衛君寧搖頭:“我一向睡得踏實。”
“……”絡腮胡子一時語塞,實在不知道該說什麼了,打量著眼前的傻小子,他眼裡滿是嫌棄:就這哪哪不行的小子居然發現了那些陳黨逆賊藏匿的兵器,真真是人不可貌相……呸呸,就是走了狗屎運了吧!
……
陳黨逆賊被除,新軍已與大軍彙合。
一句話驚的陳禮夜半從床上爬了起來,直接衝進了陳善的營帳。
“大哥,事情不妙了!”
“我知道了。”陳善點了點頭,臉上沒了往日的笑容,取而代之的是一臉的沉靜,他道,“我們安排在長安城的暗樁被拔的差不多了。”
“簡直可恨!”聽到這一句,陳禮氣的直錘桌子,“走到這一步了,居然來了這麼一招,簡直說是釜底抽薪也不為過!”
“能拿到如此詳細的名單,隻能是我們暗樁內部出了問題。
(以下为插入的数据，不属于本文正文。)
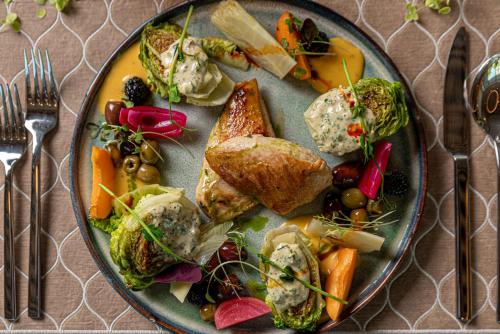 a plate of food with vegetables on a table at REED Boutique HOTEL & BISTRO in Siófok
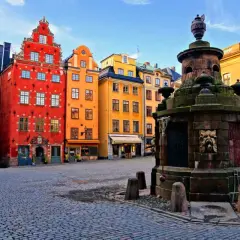 Färgglada hus i Gamla Stan, Stockholm, med en gammal fontän på kullerstensbelagd plats.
”陳善道。
陳禮恨道:“可恨!我倒要看看是誰出賣了我們!”
“這個已經不重要了,關鍵眼下長安城內我們的人不多了。”陳善說道,他們當然可以及時派人以商賈、行人的方式進入長安,但商賈、行人所做終究有限,要再培養出一顆顆嵌入朝廷之內的棋子可謂難上加難。
“不過,好在最重要的那顆棋子及時與他們切斷了聯係。”陳善說著,將字條投入桌上的燭火中,看著字條被燭火吞沒,他才悠悠道,“長安城那裡有他,我們暫可放心。”
陳禮看著被燭火吞沒的字條,心中好奇更甚:“大哥,那個棋子到底是誰?”大哥對他甚少有隱瞞,但唯獨這個棋子,神秘到連他都不知道。每每傳回來的消息隻由陳善一人過目,看完即焚,連點痕跡都不留下。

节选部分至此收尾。